Welcome
Welcome to use this package, you can download the code from Github. If you have any question, please send E-mail to
Before calculating spectral similarity, it’s highly recommended to remove spectral noise. For example, peaks have intensity less than 1% maximum intensity can be removed to improve identificaiton performance.
Usage
- spectral_similarity.all_distance(spectrum_query: Union[list, ndarray], spectrum_library: Union[list, ndarray], ms2_ppm: Optional[float] = None, ms2_da: Optional[float] = None, need_clean_spectra: bool = True, need_normalize_result: bool = True) dict[source]
-
Calculate the distance between two spectra, find common peaks. If both ms2_ppm and ms2_da is defined, ms2_da will be used.
- Parameters:
-
spectrum_query – The query spectrum, need to be in numpy array format.
spectrum_library – The library spectrum, need to be in numpy array format.
ms2_ppm – The MS/MS tolerance in ppm.
ms2_da – The MS/MS tolerance in Da.
need_clean_spectra – Normalize spectra before comparing, required for not normalized spectrum.
need_normalize_result – Normalize the result into [0,1].
- Returns:
-
Distance between two spectra
- spectral_similarity.all_similarity(spectrum_query: Union[list, ndarray], spectrum_library: Union[list, ndarray], ms2_ppm: Optional[float] = None, ms2_da: Optional[float] = None, need_clean_spectra: bool = True, need_normalize_result: bool = True) dict[source]
-
Calculate all the similarity between two spectra, find common peaks. If both ms2_ppm and ms2_da is defined, ms2_da will be used.
- Parameters:
-
spectrum_query – The query spectrum, need to be in numpy array format.
spectrum_library – The library spectrum, need to be in numpy array format.
ms2_ppm – The MS/MS tolerance in ppm.
ms2_da – The MS/MS tolerance in Da.
need_clean_spectra – Normalize spectra before comparing, required for not normalized spectrum.
need_normalize_result – Normalize the result into [0,1].
- Returns:
-
A dict contains all similarity.
- spectral_similarity.distance(spectrum_query: Union[list, ndarray], spectrum_library: Union[list, ndarray], method: str, ms2_ppm: Optional[float] = None, ms2_da: Optional[float] = None, need_clean_spectra: bool = True, need_normalize_result: bool = True) float[source]
-
Calculate the distance between two spectra, find common peaks. If both ms2_ppm and ms2_da is defined, ms2_da will be used.
- Parameters:
-
spectrum_query – The query spectrum, need to be in numpy array format.

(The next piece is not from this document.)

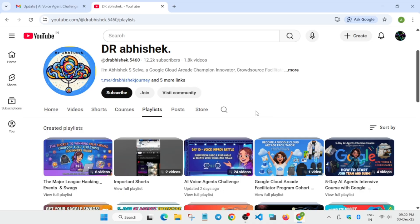But before we start, make sure you subscribe to the channel and hype the video so that it reaches genuine audience. Apart from this, if you are interested in other events, you can just explore the channel.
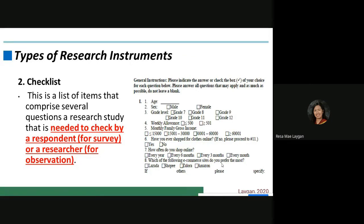For example, on the left side there is a general instruction: this instrument shall be answered by the respondent, who will check the box of their choice appropriate for each question below. That is how the checklist works.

spectrum_library – The library spectrum, need to be in numpy array format.
method – Supported methods: “entropy”, “unweighted_entropy”, “euclidean”, “manhattan”, “chebyshev”, “squared_euclidean”, “fidelity”, “matusita”, “squared_chord”, “bhattacharya_1”, “bhattacharya_2”, “harmonic_mean”, “probabilistic_symmetric_chi_squared”, “ruzicka”, “roberts”, “intersection”, “motyka”, “canberra”, “baroni_urbani_buser”, “penrose_size”, “mean_character”, “lorentzian”, “penrose_shape”, “clark”, “hellinger”, “whittaker_index_of_association”, “symmetric_chi_squared”, “pearson_correlation”, “improved_similarity”, “absolute_value”, “dot_product”, “dot_product_reverse”, “spectral_contrast_angle”, “wave_hedges”, “jaccard”, “dice”, “inner_product”, “divergence”, “avg_l”, “vicis_symmetric_chi_squared_3”, “ms_for_id_v1”, “ms_for_id”, “weighted_dot_product”
ms2_ppm – The MS/MS tolerance in ppm.
ms2_da – The MS/MS tolerance in Da.
need_clean_spectra – Normalize spectra before comparing, required for not normalized spectrum.

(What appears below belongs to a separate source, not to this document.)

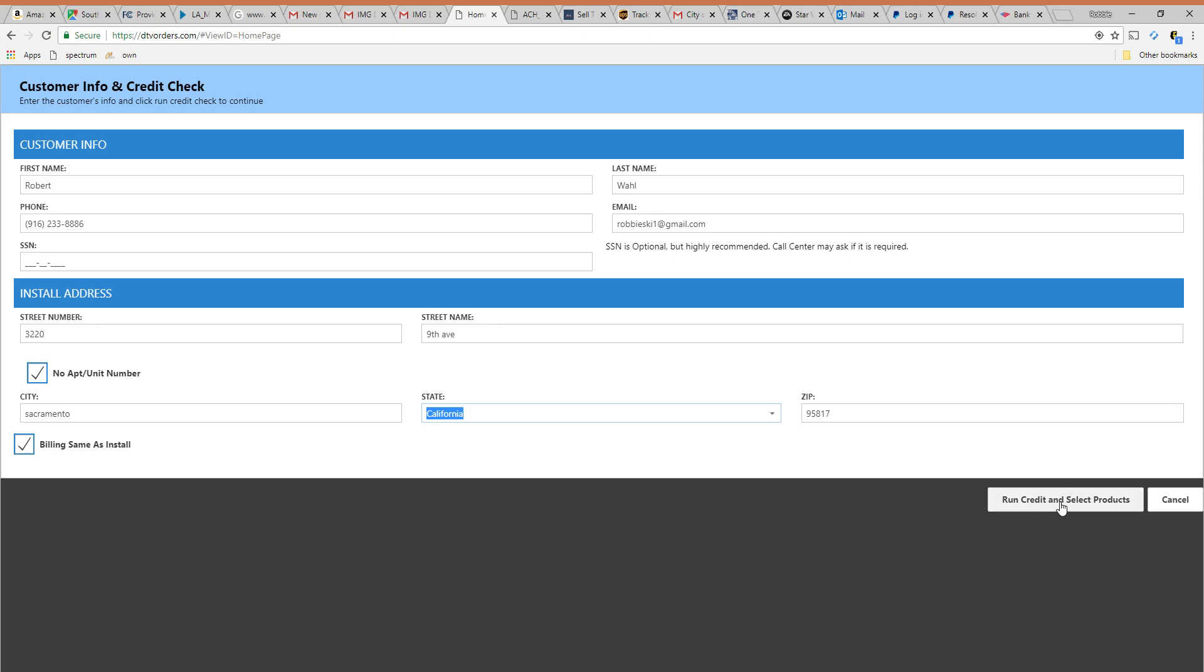So we're going to run credit right now just by simply clicking the run credit button. If you want a better score like if you want to turn a zero star customer or one star customer into a two or three star customer include the social. So first what you do is you hit run credit and select products. It's going to load a bit. It's going to depend on your internet reception and how busy the portal is which today is a little bit busy.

need_normalize_result – Normalize the result into [0,1].
- Returns:
-
Distance between two spectra
- spectral_similarity.multiple_distance(spectrum_query: Union[list, ndarray], spectrum_library: Union[list, ndarray], methods: Optional[list] = None, ms2_ppm: Optional[float] = None, ms2_da: Optional[float] = None, need_clean_spectra: bool = True, need_normalize_result: bool = True) dict[source]
-
Calculate multiple distance between two spectra, find common peaks. If both ms2_ppm and ms2_da is defined, ms2_da will be used.
- Parameters:
-
spectrum_query – The query spectrum, need to be in numpy array format.

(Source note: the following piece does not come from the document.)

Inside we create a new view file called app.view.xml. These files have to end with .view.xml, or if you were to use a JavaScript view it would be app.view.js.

spectrum_library – The library spectrum, need to be in numpy array format.
methods – A list of method names.
ms2_ppm – The MS/MS tolerance in ppm.
ms2_da – The MS/MS tolerance in Da.
need_clean_spectra – Normalize spectra before comparing, required for not normalized spectrum.
need_normalize_result – Normalize the result into [0,1].
- Returns:
-
Distance between two spectra
- spectral_similarity.multiple_similarity(spectrum_query: Union[list, ndarray], spectrum_library: Union[list, ndarray], methods: Optional[list] = None, ms2_ppm: Optional[float] = None, ms2_da: Optional[float] = None, need_clean_spectra: bool = True, need_normalize_result: bool = True) dict[source]
-
Calculate multiple similarity between two spectra, find common peaks. If both ms2_ppm and ms2_da is defined, ms2_da will be used.
- Parameters:
-
spectrum_query – The query spectrum, need to be in numpy array format.
spectrum_library – The library spectrum, need to be in numpy array format.
methods – A list of method names.
ms2_ppm – The MS/MS tolerance in ppm.
ms2_da – The MS/MS tolerance in Da.
need_clean_spectra – Normalize spectra before comparing, required for not normalized spectrum.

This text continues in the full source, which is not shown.